Given a line $l$ and two points $p_1$ and $p_2$, identify the point $v$ which is equidistant from $l$, $p_1$, and $p_2$, assuming it exists.
My idea is to: (1) identify the parabolas containing all points equidistant from each point and the line, then (2) intersect these parabolas.
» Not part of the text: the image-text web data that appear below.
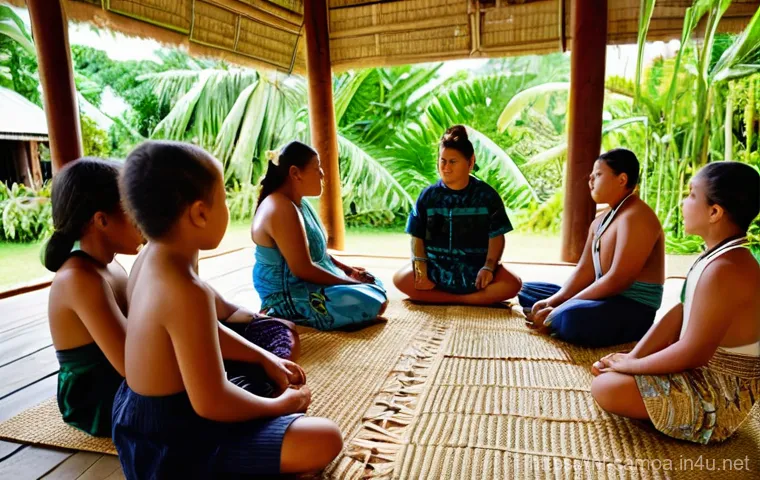 사모아 유학 생활 및 교육 제도 - **Prompt 1: Capturing the Heart of Fa'a Samoa**
    "A diverse group of students, comprising both in...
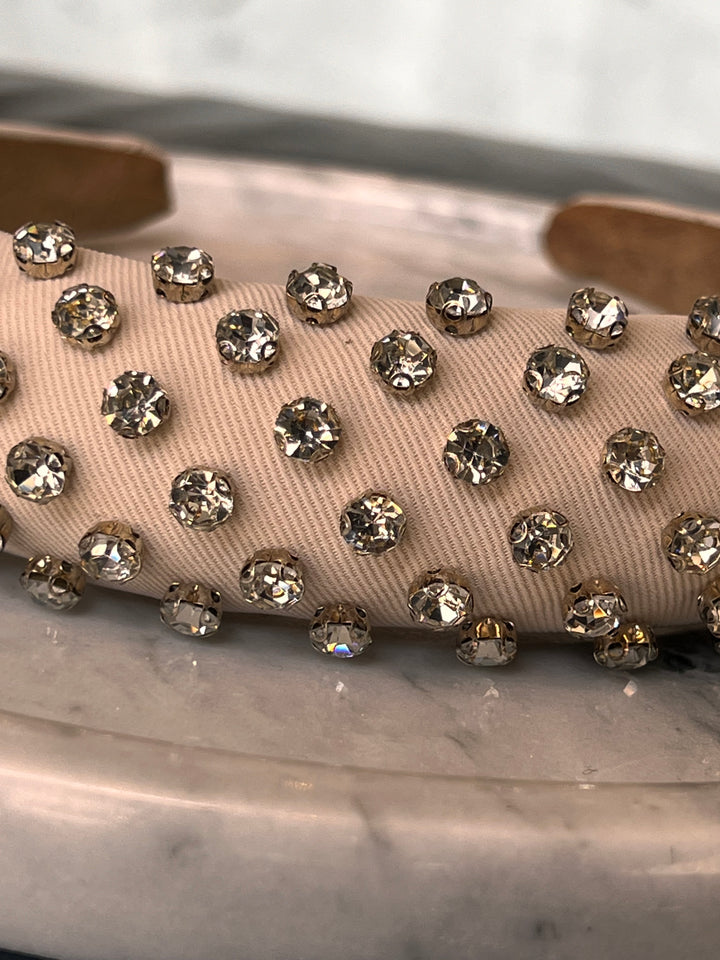 FRANCESGRACE Cream Crystal Embellished Headband - HOLDENGRACE - HOLDENGRACE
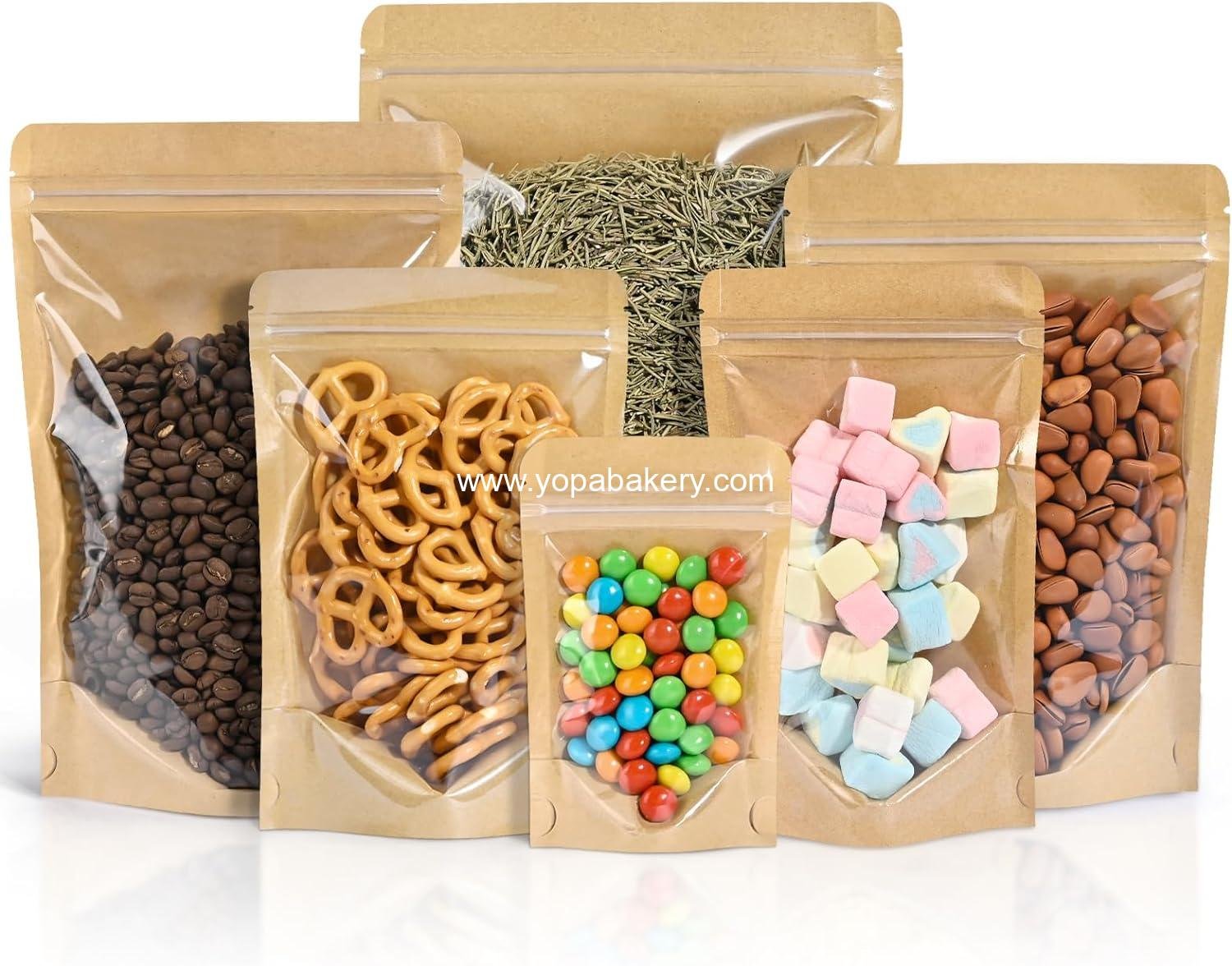 FireKylin 100PCS Stand Up Pouches 3.5"x5.5" Paper Bags With Window Clear Front Pouches Resealable Zipper Food Storage Brown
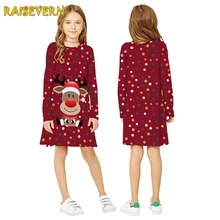 Милое Платье с рисунком оленя на Рождество и год; осенне-зимняя одежда для маленьких девочек; Детские платья в горошек с длинными рукавами для девочек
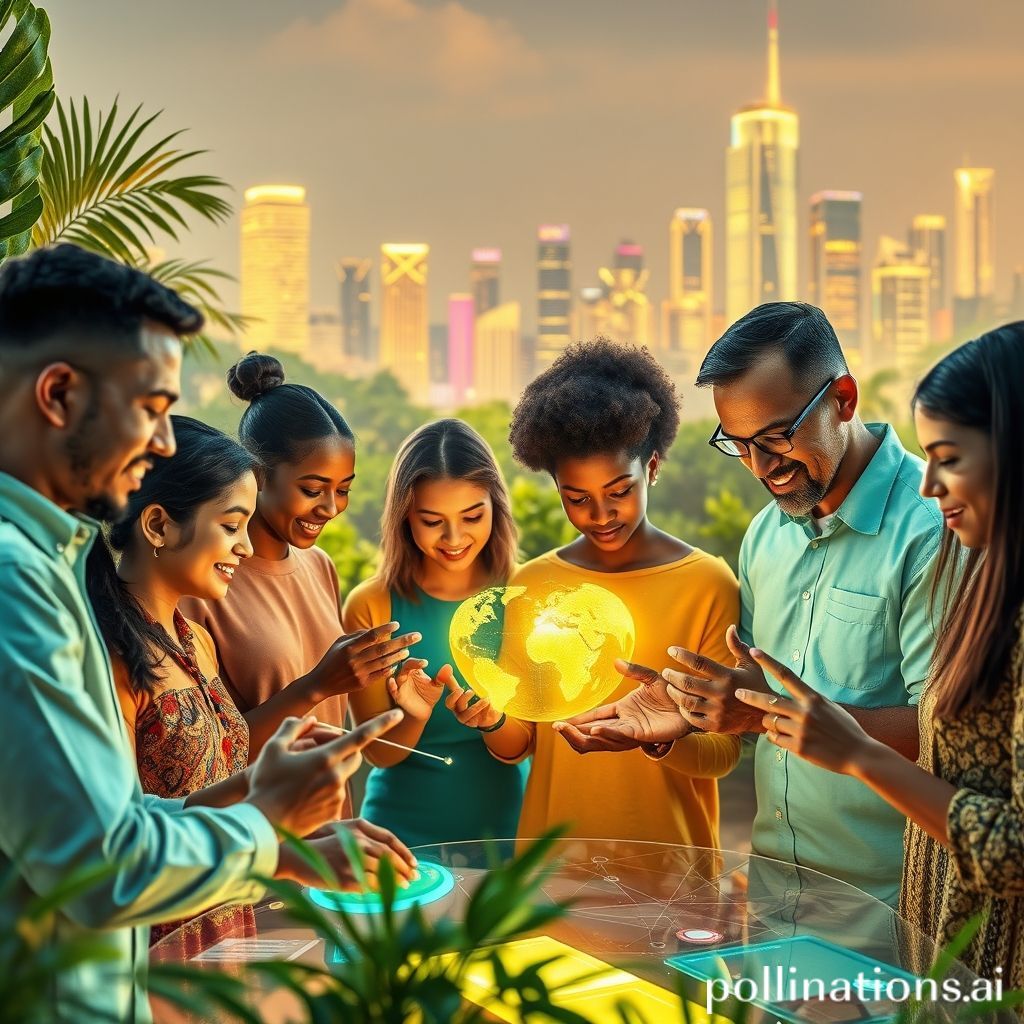 A diverse group of people (representing various ages and backgrounds) collaboratively interacting with holographic interfaces and digital screens, showcasing learning, problem-solving, and communication. The background should be a subtle blend of natural elements and futuristic cityscapes, symbolizing human connection with technology and nature. Focus on bright, optimistic colors and a sense of shared progress.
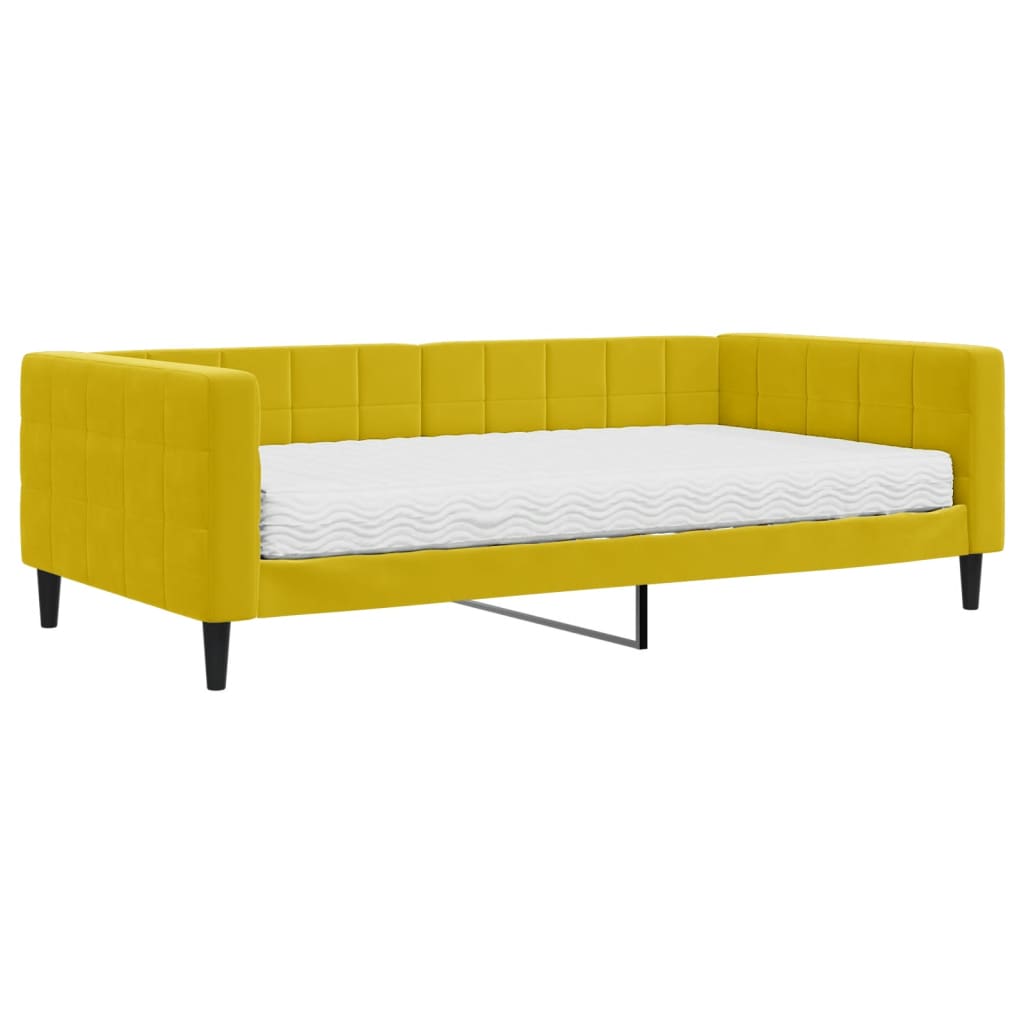 Divano Letto con Materasso Giallo 100x200 cm in Velluto - homemem39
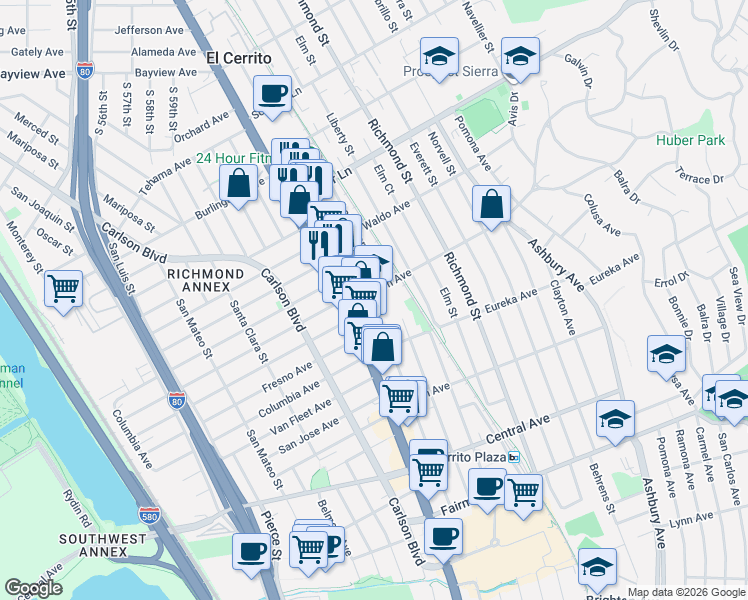 map of restaurants, bars, coffee shops, grocery stores, and more near 724 Kearney Street in El Cerrito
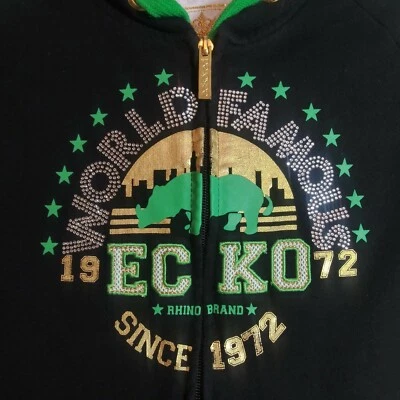 Ecko Rhino Junior Pequeño Negro Verde Dorado Estrás Bling Sudadera con Capucha Logo Y2K Foto 1 de 4
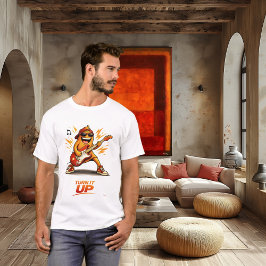 Lustiger orangefarbener Bassspieler-Charakter Musi T-Shirt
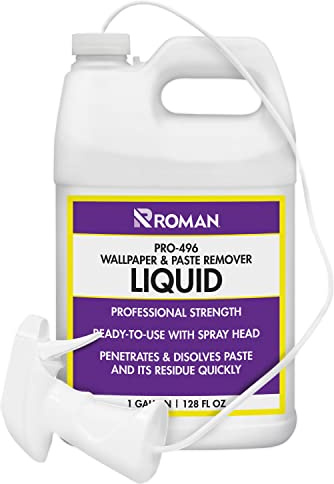 Roman Wallpaper Remover Liquid Spray, Contractor Strength Wallpaper Stripper and Adhesive Remover, Unscented, Non-Staining, Clear, PRO-496 (1 Gallon, 300 Sq. Ft.)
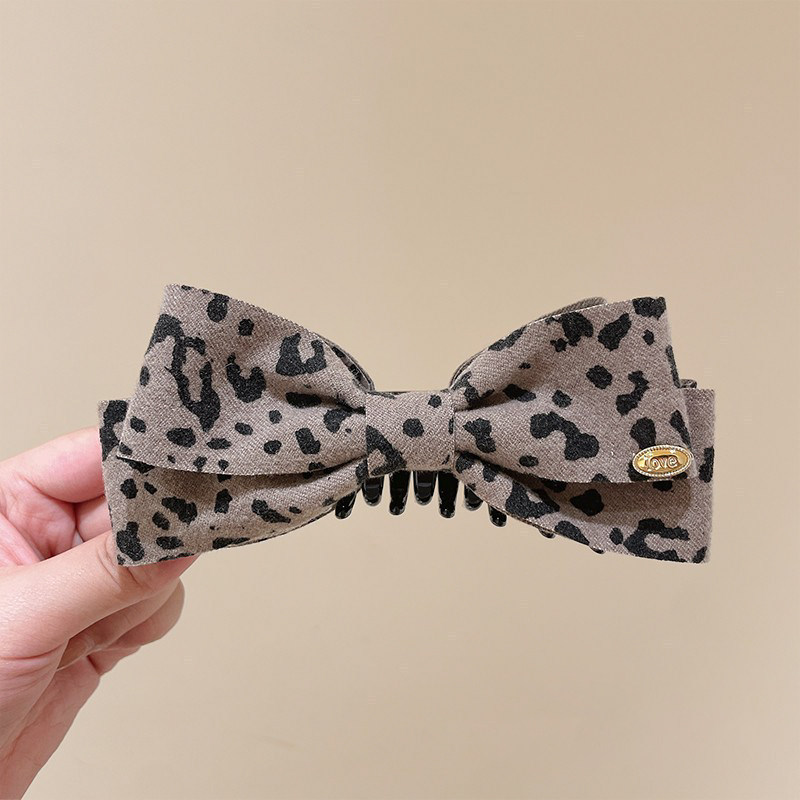 2#Light brown leopard print banana clip about 13cm
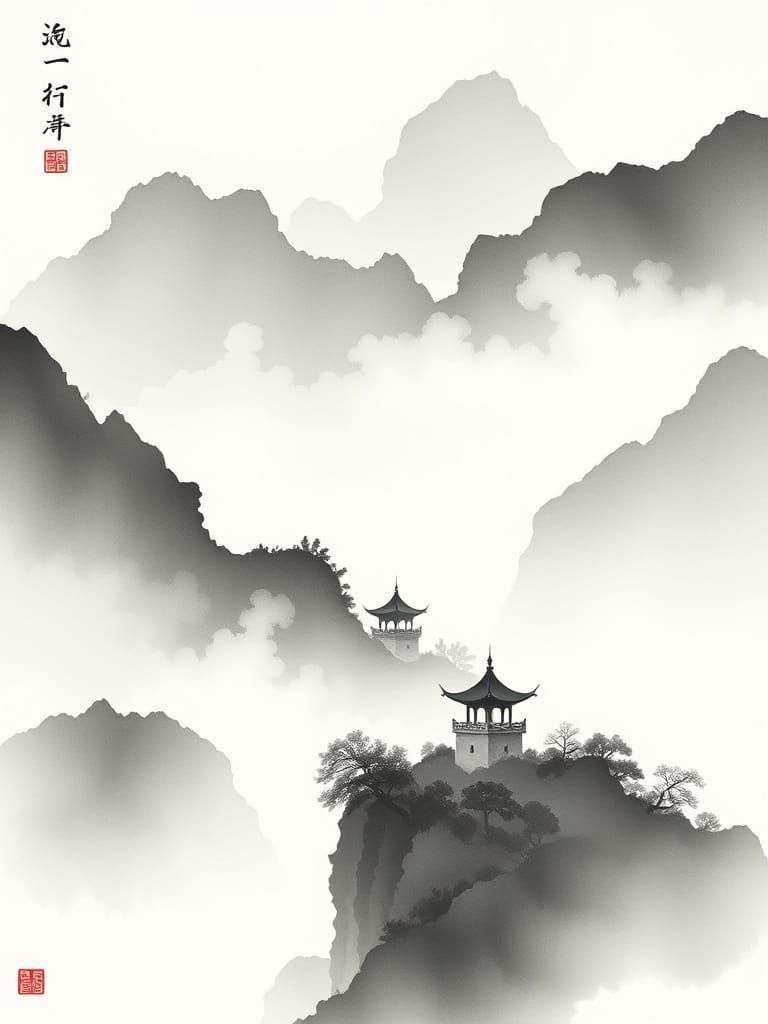 Guilin Mountains: Chinese Ink Landscape in Mist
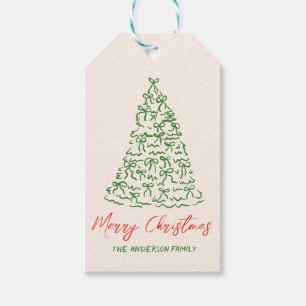 Retro Vintage Hand Drawn Ribbons Tree Christmas Gift Tags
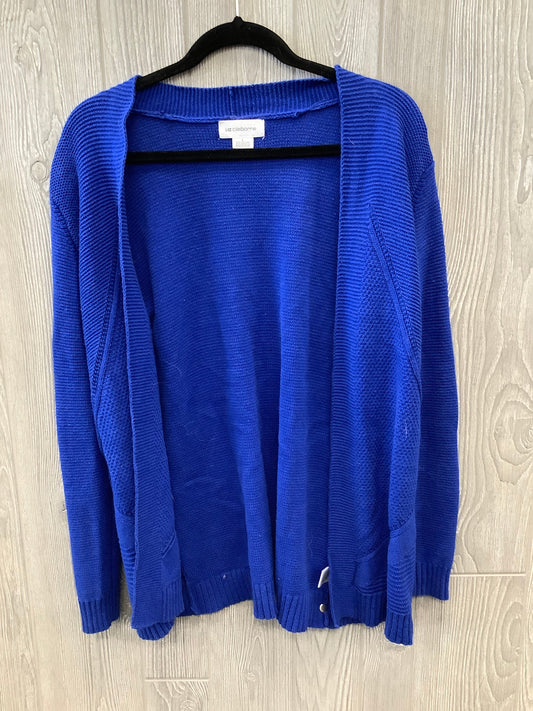 Sweater Cardigan By Liz Claiborne In Blue, Size: L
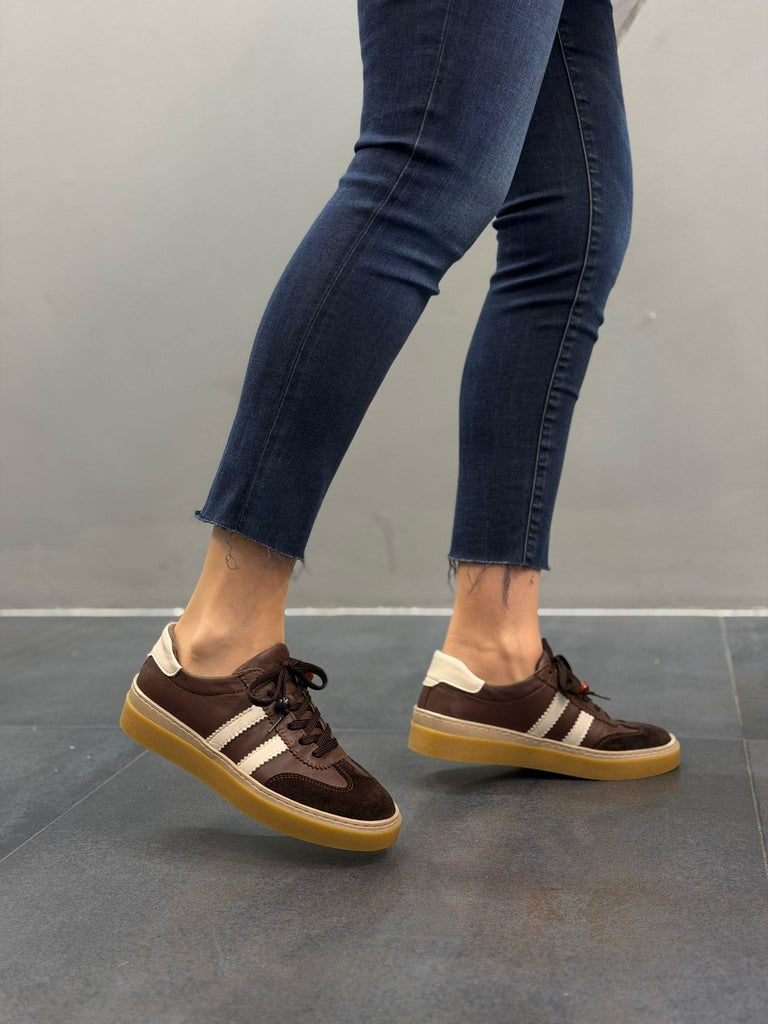 Kahve Deri Bağcıklı Kadın Günlük Spor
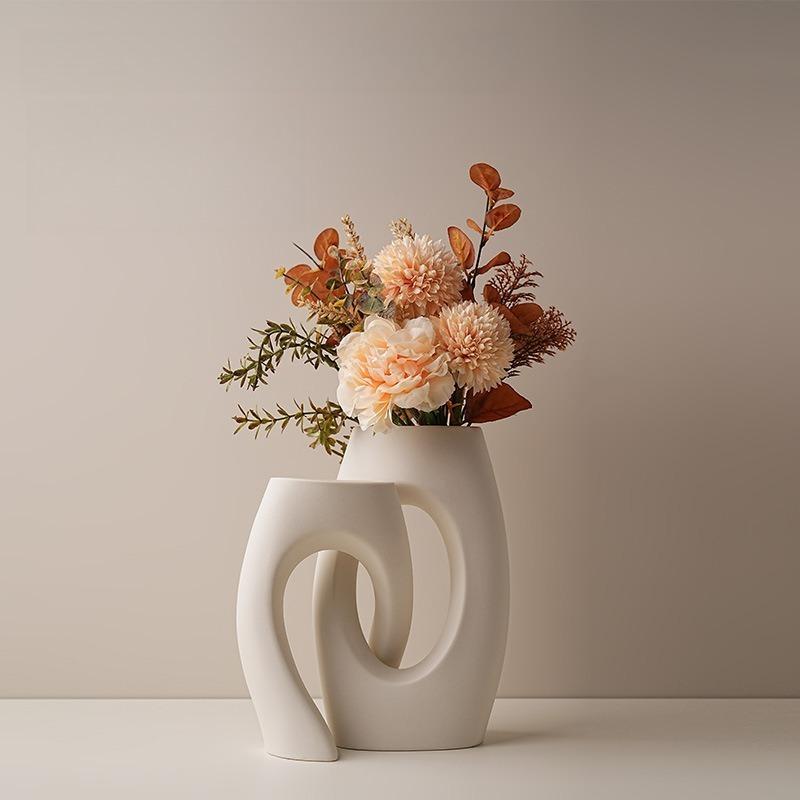 Nordic Ceramic Art Flower Vase, Modern Minimalist White Desktop Floral Container & Aesthetic Living Room Home Decor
As $v$ is equidistant from all three and each parabola contains all points equidistant from $l$ and each point, the intersection of these parabolas must be $v$. However, I have had no luck in finding a way to compute, much less represent, these parabolas.
Best Answer
Assuming such point $Q$ exists it must lie on the Bisector Line b of $P_1$ and $P_2$ i.e. the line through the midpoint of $P_1$ and $P_2$ and orthogonal to the line $\vec {P_1P_2}$.
Thus you can write down a parametric expression for $Q=Q(s)\in b$ and set the following equation for distances:
Firstly note that, without loss of generality, we can assume that the origin coincides with the intersection point between $l$ and $b$. In fact if $b\equiv l$ solution is trivial otherwise if not we can find the intersection point and simply shift the axes (we could also rotate the axes in such way that $l$ or $b$ coincide with an axis but it should be more complex whereas shifting is trivial).
Thus, let's assume:
$P_1=(x_1,y_1), P_2=(x_2,y_2)$,
l: $ ax+by=0$,
b: $cx+dy=0$
NOTE
find c and d is trivial
Finding perpendicular bisector of the line segement joining $ (-1,4)\;\text{and}\;(3,-2)$
Parametric equation of $Q \in b$ is given by:
$Q(t)=Q(d \cdot t,-c \cdot t)$ with $t\in \mathbb{R}$
The distances are given by:
$$\text{d($Ql$)} = \frac{\left | Ax_{0} + By_{0} + C\right |}{\sqrt{A^2 + B^2} }= \frac {\left| ad\cdot t - bc\cdot t \right|}{\sqrt{a^2 + b^2}} $$
$$\text{d($QP_1$)} = \sqrt{(d\cdot t-x_1)^2 + (-c\cdot t-y_1)^2}$$
and thus
$$\frac {\left| adt - bct \right|}{\sqrt{a^2 + b^2}}=\sqrt{(d\cdot t-x_1)^2 + (-c\cdot t-y_1)^2}$$
$$\frac {\left( ad\cdot t - bc\cdot t \right)^2}{{a^2 + b^2}}=(d\cdot t-x_1)^2 + (-c\cdot t-y_1)^2$$
from which "t" and thus "Q" can be easily found.